For the representation in Table 1 the number of trees are all the shapes with all the node combinations. The number of shapes of a binary tree with n + 1 leaves is given by the Catalan number \(C_n=\frac{(2n)!}{(n+1)!n!}\) [31]. For each tree shape there are ϕ(n) = |F|ⁿ internal node combinations, F is the function set, and τ(l) = |T|^l are leaf combinations, T is the terminal set. In Ho et al. [14] the depth limit was eight and F and T are in Table 1. The max arity is two if we ignore combine3 , thus the total number of tree shapes is ∑ ^l=255 _i=o C _n and the total number of combinations of shapes and contents is \( \sum\nolimits_{{i = 1}}^{{l = 255}} {C_{i}^{{\phi (i - 1)^{{\tau(i)}} }} } \) which is larger than the solution space of 61⁸ for the conditional setup. This shows that there are, with a conservative calculation, many more evolved solutions compared to possible solutions in the pilot power space. Hence, a grammar that has fewer redundant solutions is designed (see Fig. 5). Next, the grammar based GP approach called GE is explained.

Fig. 4

Example of GE genotype-to-phenotype mapping. The derivation order, codon value and production choice are shown to the right of the arrows, e.g. from the start symbol 0:4%2 = 0. Input is the genotype and output is the phenotype

Fig. 5

Conditional statement grammar (CG) creates variable length solutions, <function> is recursive

2.4 Grammatical evolution

GE [9, 29] is a grammar-based form of GP [24]. It is inspired by representations in molecular biology and combines this with formal grammars. The GE system is flexible and allows the use of alternative search strategies, whether evolutionary, deterministic or other. This system also includes the ability to bias the search by changing the grammar. Since a grammar is used to describe the structures that are generated by GE, editing the grammar modifies the output structures.
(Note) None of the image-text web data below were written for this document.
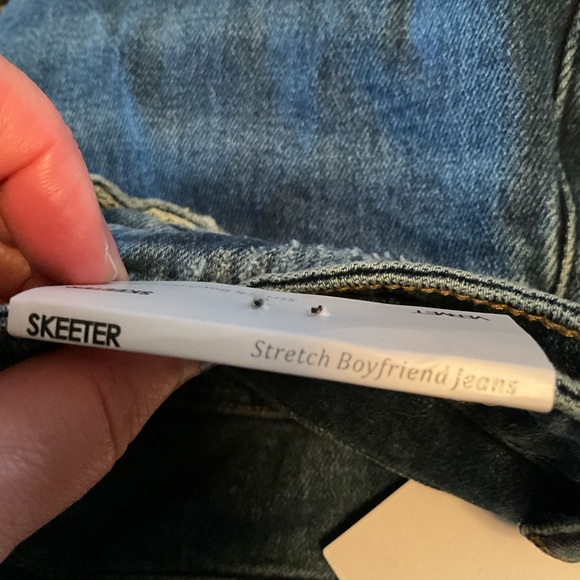 NWT Skeeter Cuffed Stretch Boyfriend Jeans - Picture 7 of 13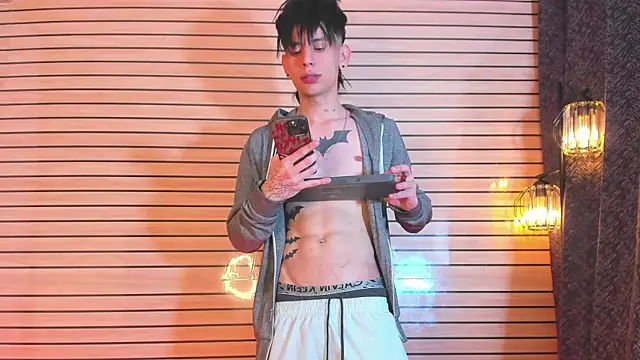 TheBatMansion online show from 04-03-26, 10:49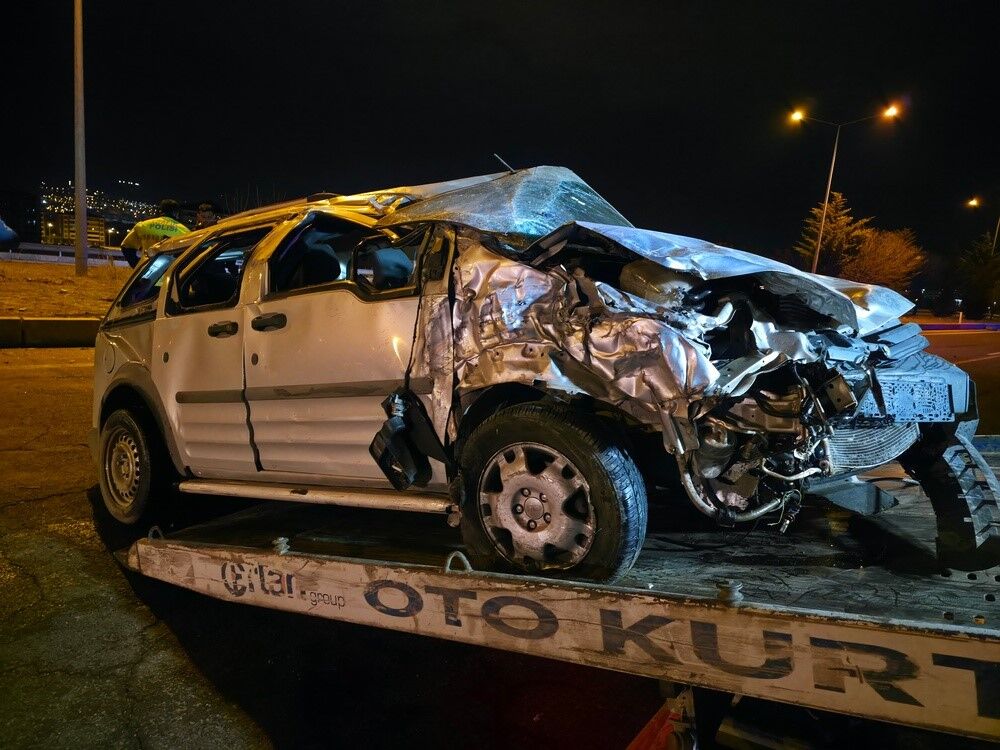 Elazığ’da hafif ticari araç ile otomobil çarpıştı: 3 yaralı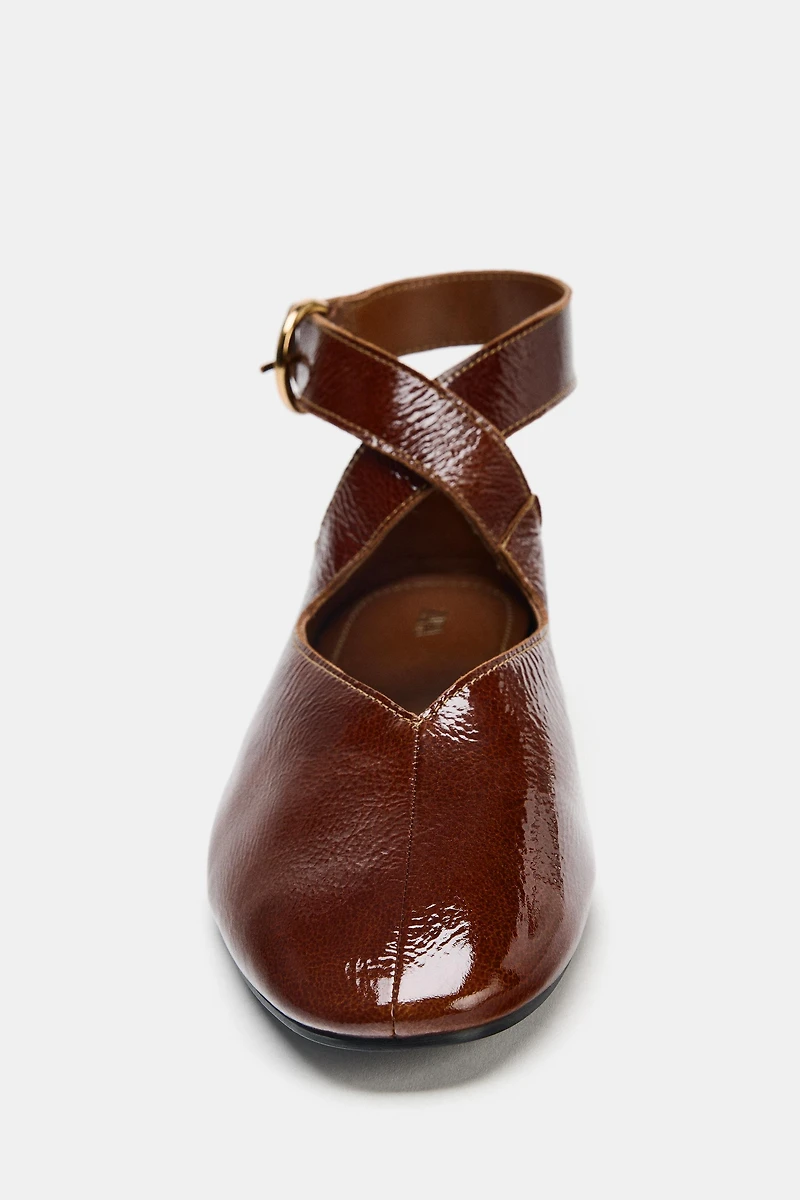 PATENT EFFECT BUCKLE BALLET FLATS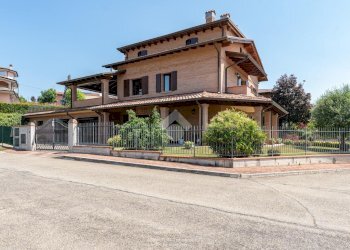 Villa Via L. Battisti, Guiglia - photo 2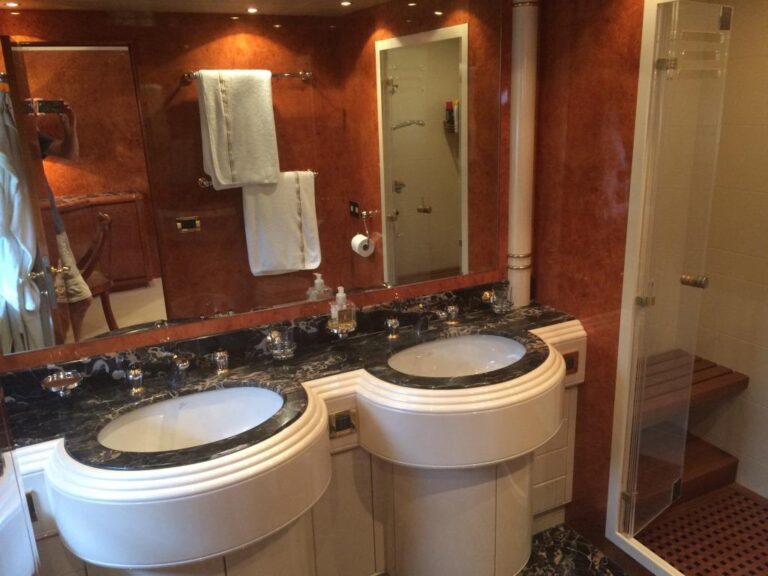 Yacht BIRD OF PREY - Master ensuite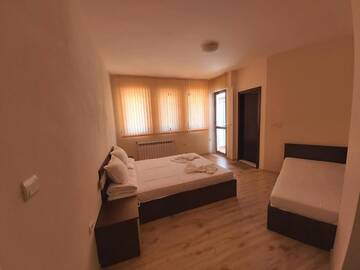 Фото номера Трехместный номер с балконом Гостевой дом Hotel Aleksandrina г. Kipilovo 3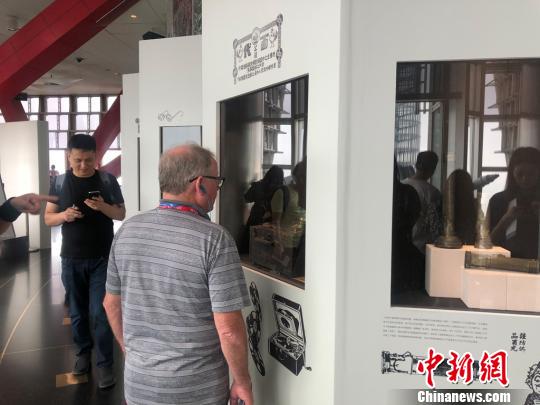 外国游客前来观展?！⌒烀黝?摄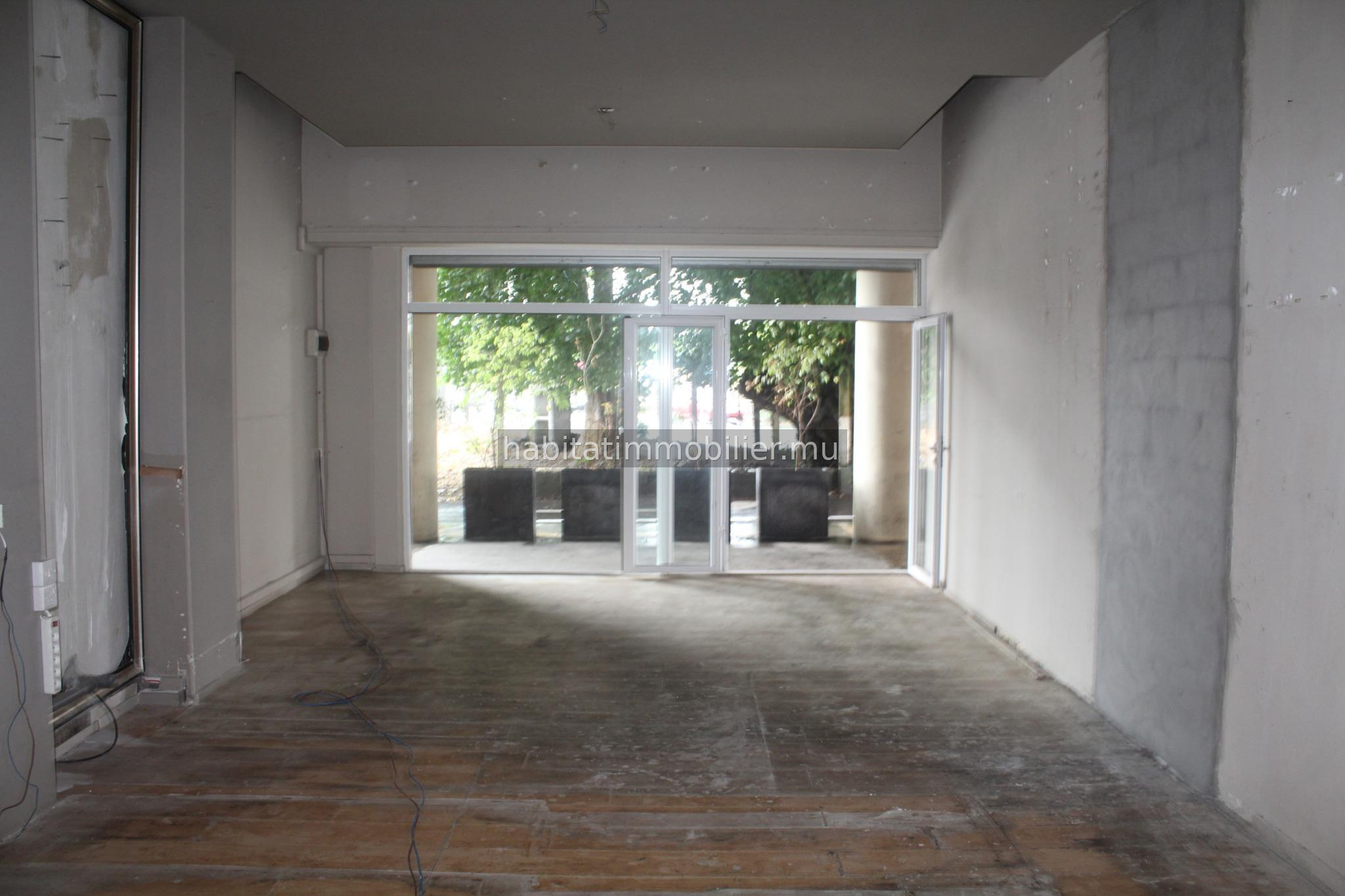 A VENDRE – Local commercial de 208 m2 à Quatre Bornes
The genotype-phenotype (input-output) mapping means that GE allows search operations to be performed on any representation in the algorithm.

In GE, the grammar mapping uses a context free grammar, in BNF-format, which is a four tuple G = (N, T, R, S):

1. 1.

   N is a finite non-empty set of non-terminal symbols

2. 2.

   T is a finite non-empty set of terminal symbols and N ∩ T = ∅, the empty set

3. 3.

   R is a finite set of production rules of the form \(R : N \mapsto V : A \mapsto \alpha\) or (A, α) where \(A \in N\) and \(\alpha \in V.\,V\) is the set of all strings constructed from N ∪ T and \(R \subseteq N \times V, R \neq \emptyset\)

4. 4.

   S is the start symbol, \(S \in N. \)

The genotype is used to map the start symbol into a sentence, by the BNF-grammar. Input (codon) is read from the genotype and a corresponding output symbol is generated. A function selects a production choice by taking the current codon’s integer value modulo the number of production choices of the current rule. The genotype is read from left to right, and the codon to be read is shifted to the right every time the current rule has more than one production. The derivation sequence is also expanded from left to right (depth-first). In Fig. 4 an example of a genotype generating a function is shown.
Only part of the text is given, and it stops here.